The central midfield is the heart of every team that is intent on dominating the game based on ball and field control. In build-up play, accurate passing and creativity are required, while positioning and tackling skills are important in the game without the ball. In addition, a high willingness to run, a good vision, and always being switched on are advantageous skills to have as well. Accordingly, the job description for a central midfielder asks for great versatility. One moment one is the initiator, the next the inhibitor. The pressure is immense, both physically and mentally.
In this respect, it is understandable that Hansi Flick has high expectations of his midfielders, while at the same time not wanting to ask too much from young players, let alone burn them out. Moreover, an outsider cannot judge the training performance that the players offer the coach day in and day out. But especially in the phase of Joshua Kimmich’s injury or when fresh legs are needed in the final stages of a game, it is hard to find a reason why Flick has not given Marc Roca even a small chance.

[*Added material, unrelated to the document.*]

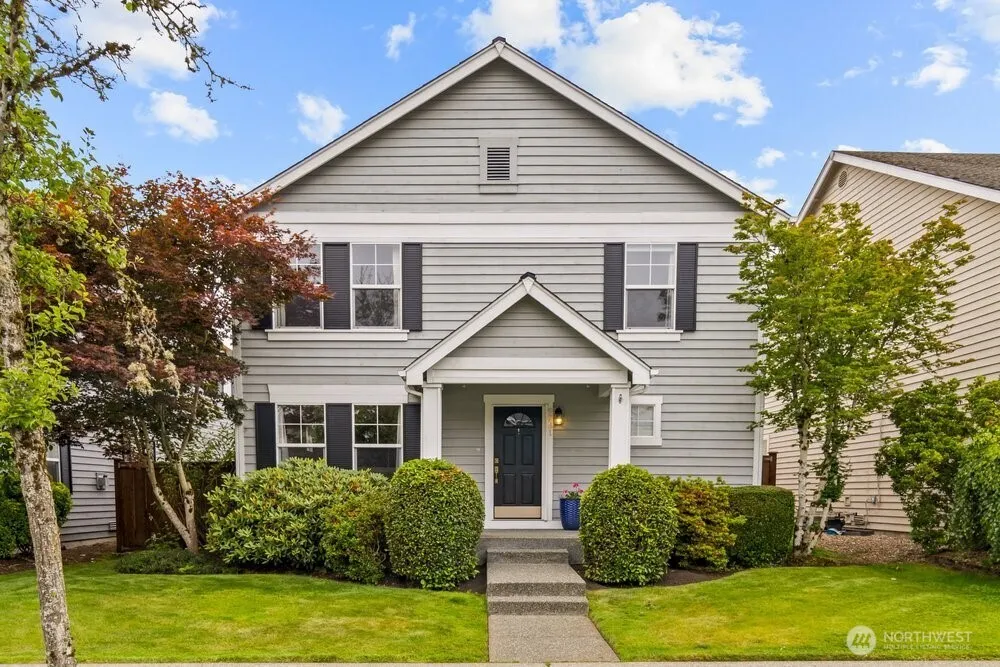 Property photo for 9731 228th Terrace Ne, Redmond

The Spaniard had been on Munich’s radar for some time. He was a signing favored by Salihamidžić last summer and was brought in at short notice during the closing stages of the transfer window. Do the sporting director and the coach not talk about such a player, about his fit for the team, and about his possible role before the decision to sign him? Or does the image the sporting director had of him not fit the real player Marc Roca? From the outside looking in, we are left with idle speculation.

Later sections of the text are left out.